> **Problem**:
Exact transcription, pictures omitted: begin at the top line of the records below and end with the line bearing "Solar panels install".

> **Input data**:

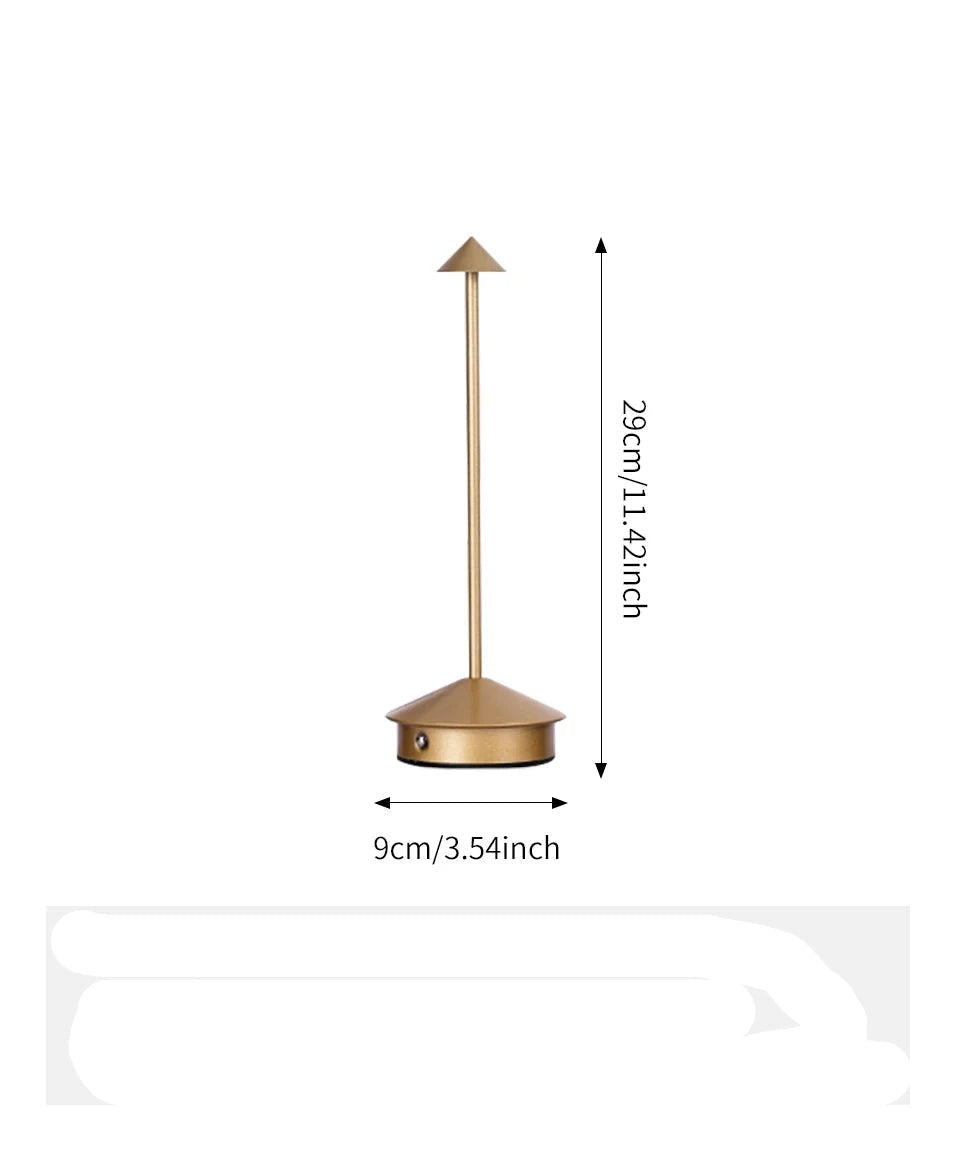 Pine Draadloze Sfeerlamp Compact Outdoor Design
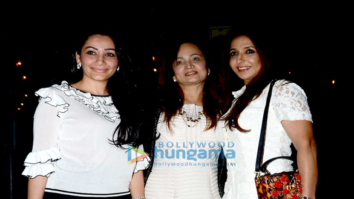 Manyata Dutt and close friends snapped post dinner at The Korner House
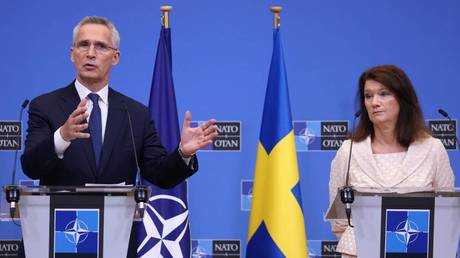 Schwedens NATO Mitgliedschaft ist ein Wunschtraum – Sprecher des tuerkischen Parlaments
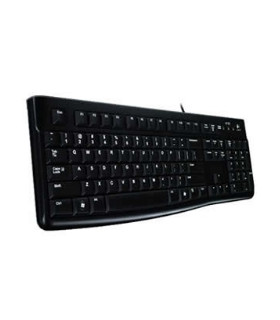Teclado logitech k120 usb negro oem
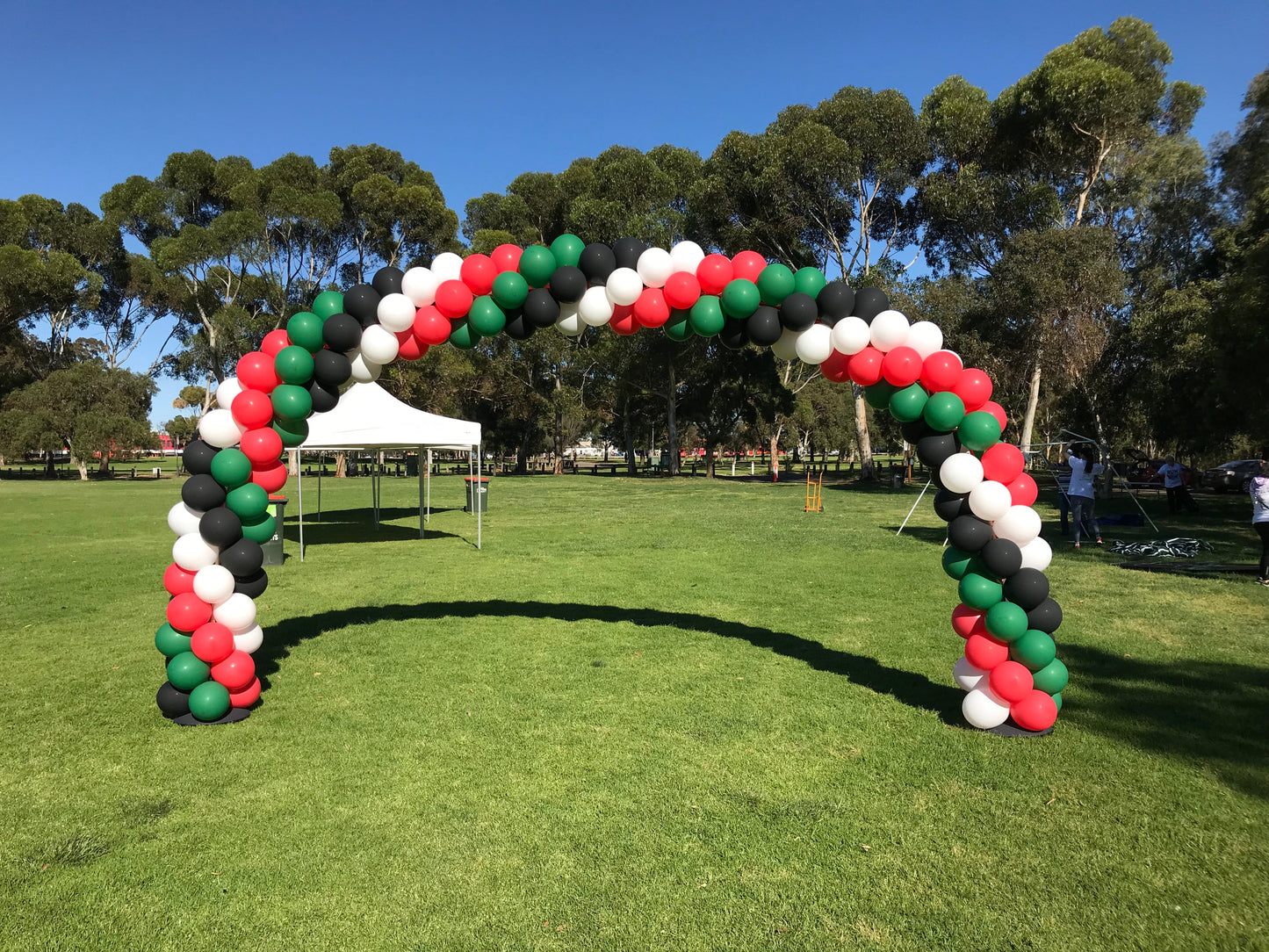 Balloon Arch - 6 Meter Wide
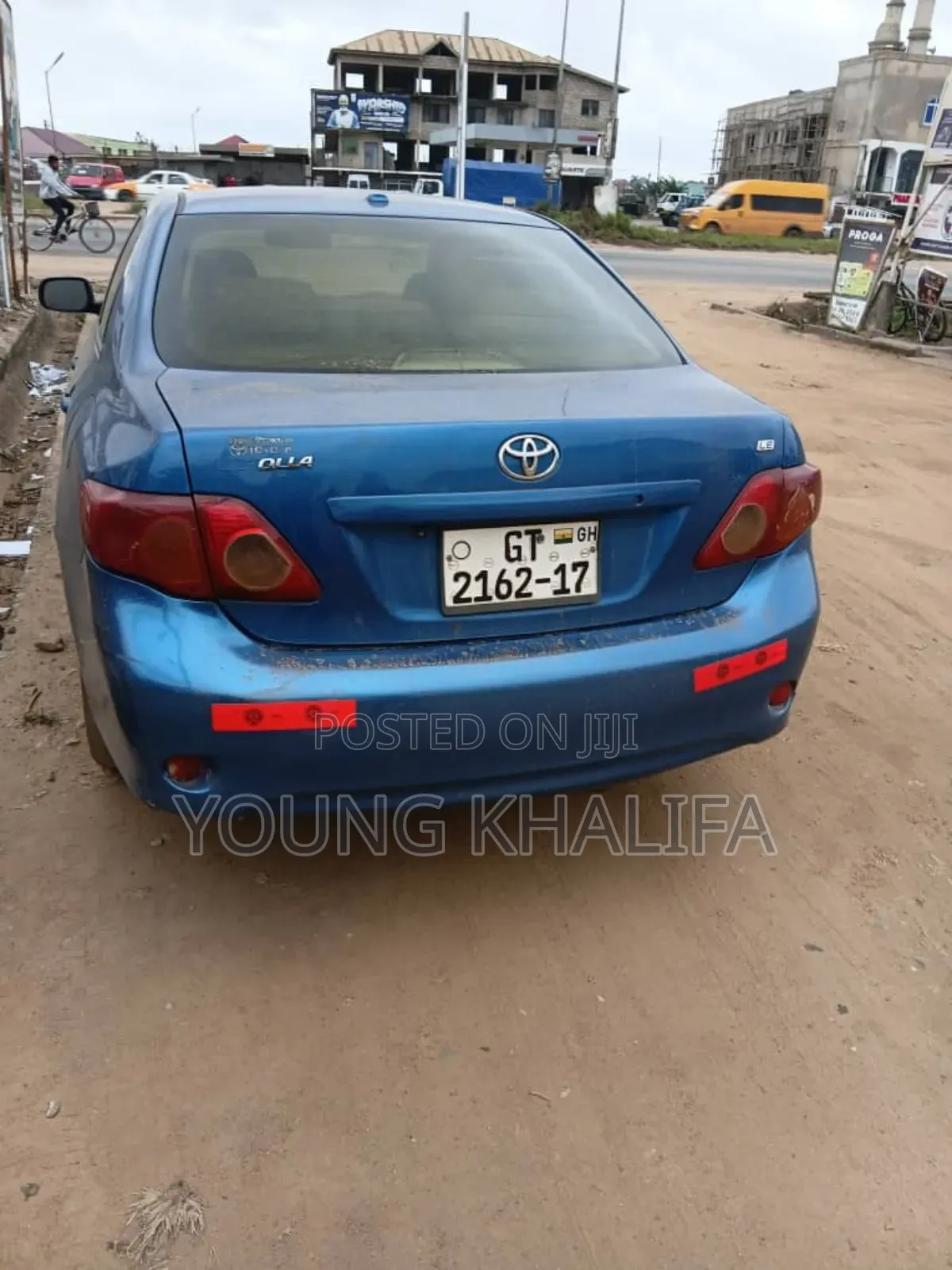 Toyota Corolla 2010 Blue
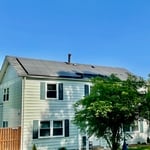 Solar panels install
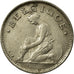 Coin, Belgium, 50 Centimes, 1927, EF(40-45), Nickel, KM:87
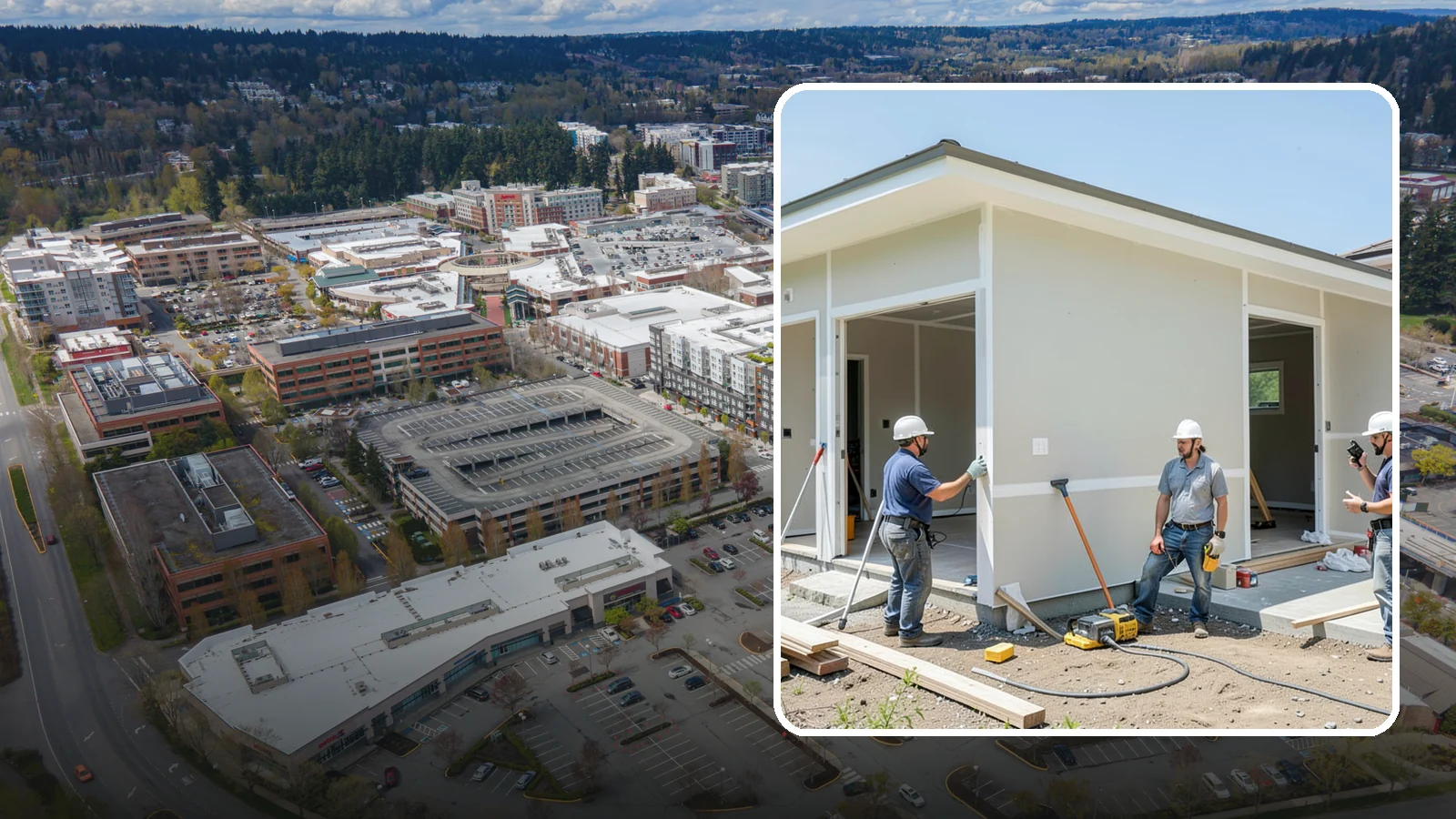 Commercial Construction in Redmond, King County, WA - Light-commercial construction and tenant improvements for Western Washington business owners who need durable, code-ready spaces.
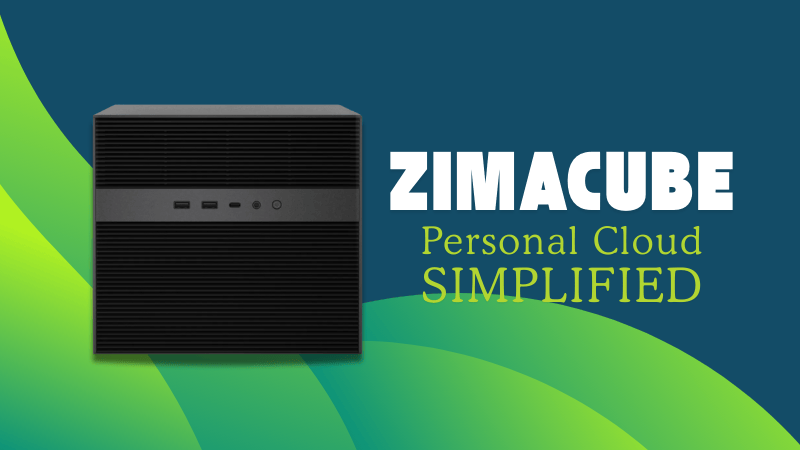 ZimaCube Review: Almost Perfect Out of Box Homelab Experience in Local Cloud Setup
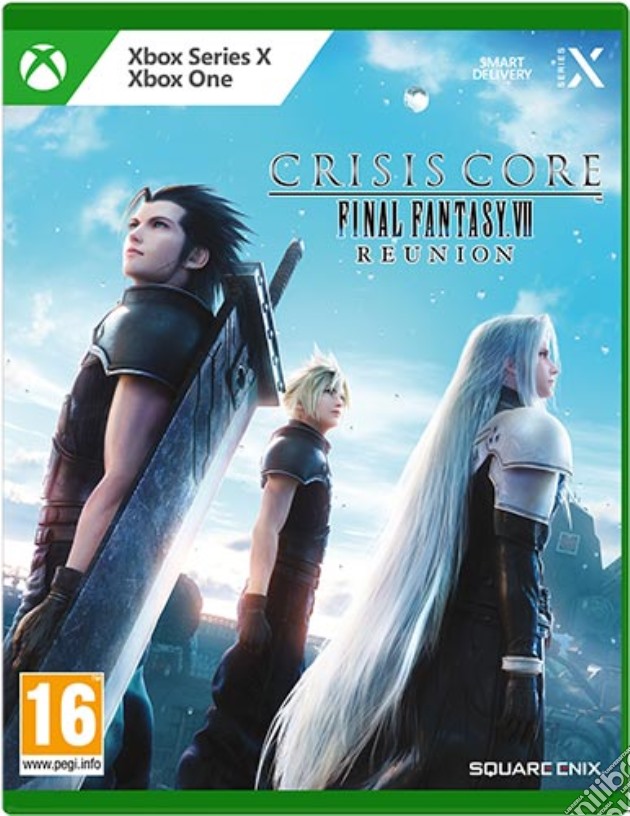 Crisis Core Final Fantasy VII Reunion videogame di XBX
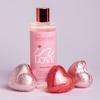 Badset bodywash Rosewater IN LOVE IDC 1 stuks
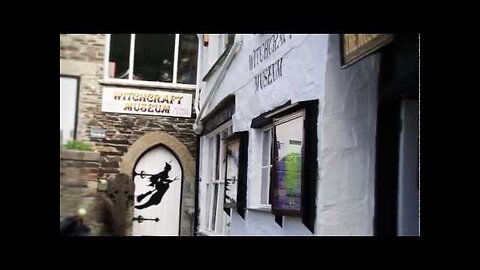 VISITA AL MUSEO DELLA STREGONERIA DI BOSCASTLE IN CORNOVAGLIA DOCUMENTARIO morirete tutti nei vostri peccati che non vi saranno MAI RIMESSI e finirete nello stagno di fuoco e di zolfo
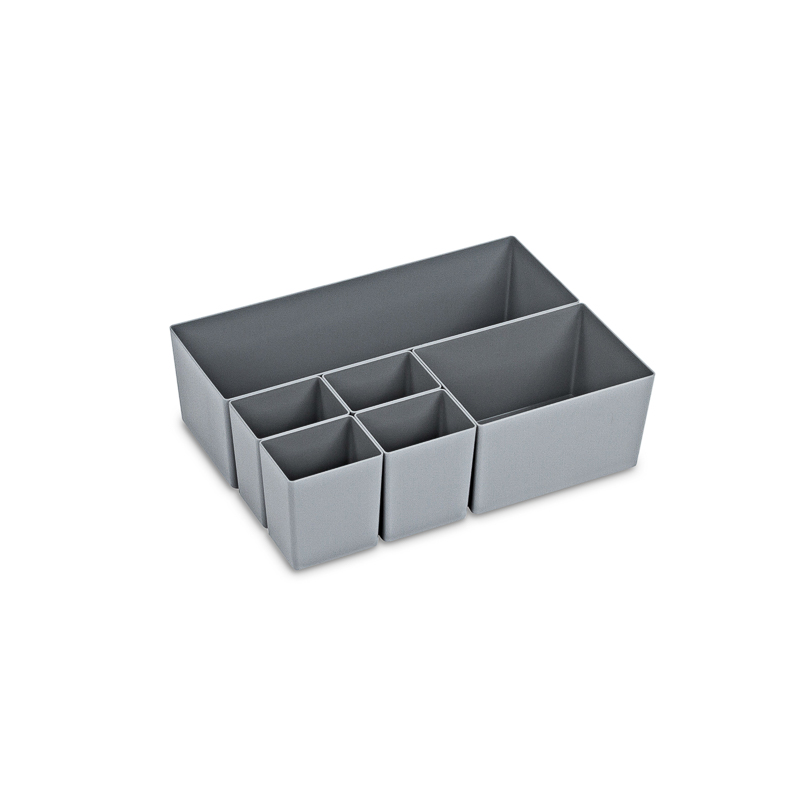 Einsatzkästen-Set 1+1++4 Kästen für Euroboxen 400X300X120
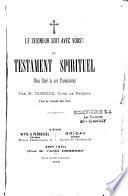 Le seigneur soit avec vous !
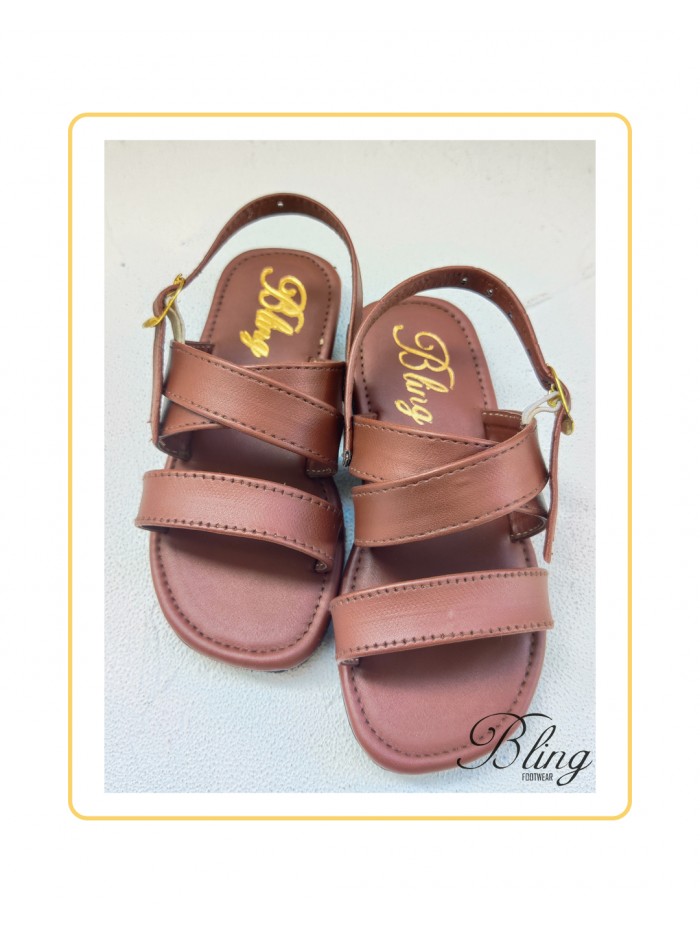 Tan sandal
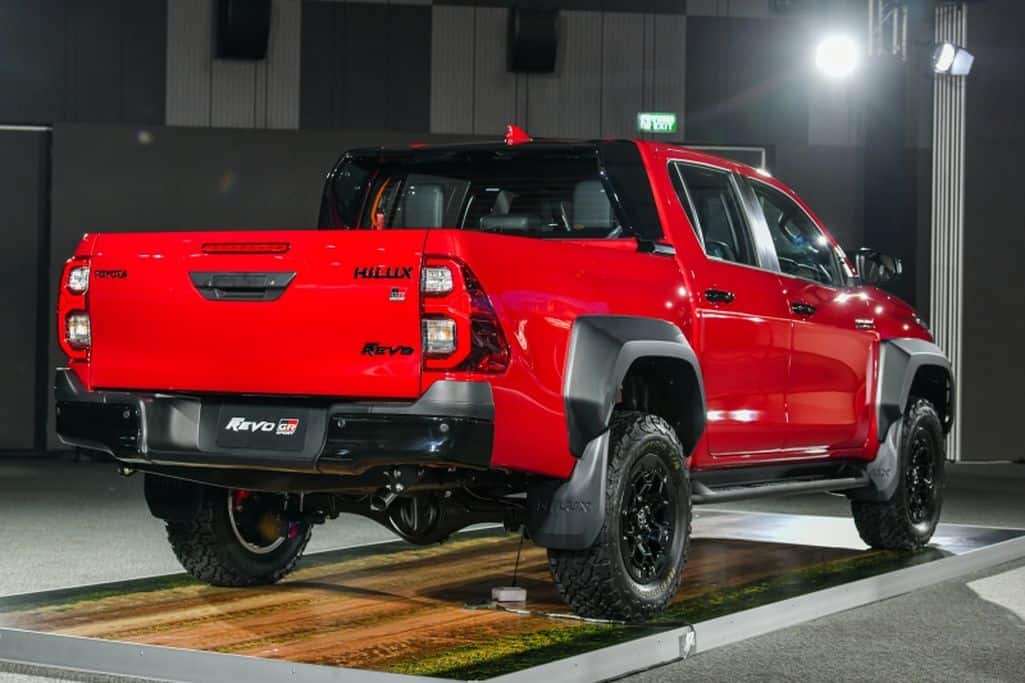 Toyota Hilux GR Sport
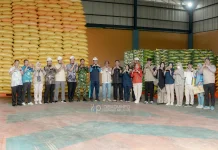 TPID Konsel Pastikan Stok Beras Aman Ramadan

> **Task answer**:
 Pine Draadloze Sfeerlamp Compact Outdoor Design
 Manyata Dutt and close friends snapped post dinner at The Korner House
 Schwedens NATO Mitgliedschaft ist ein Wunschtraum – Sprecher des tuerkischen Parlaments
Teclado logitech k120 usb negro oem
 Balloon Arch - 6 Meter Wide
 Toyota Corolla 2010 Blue
 Solar panels install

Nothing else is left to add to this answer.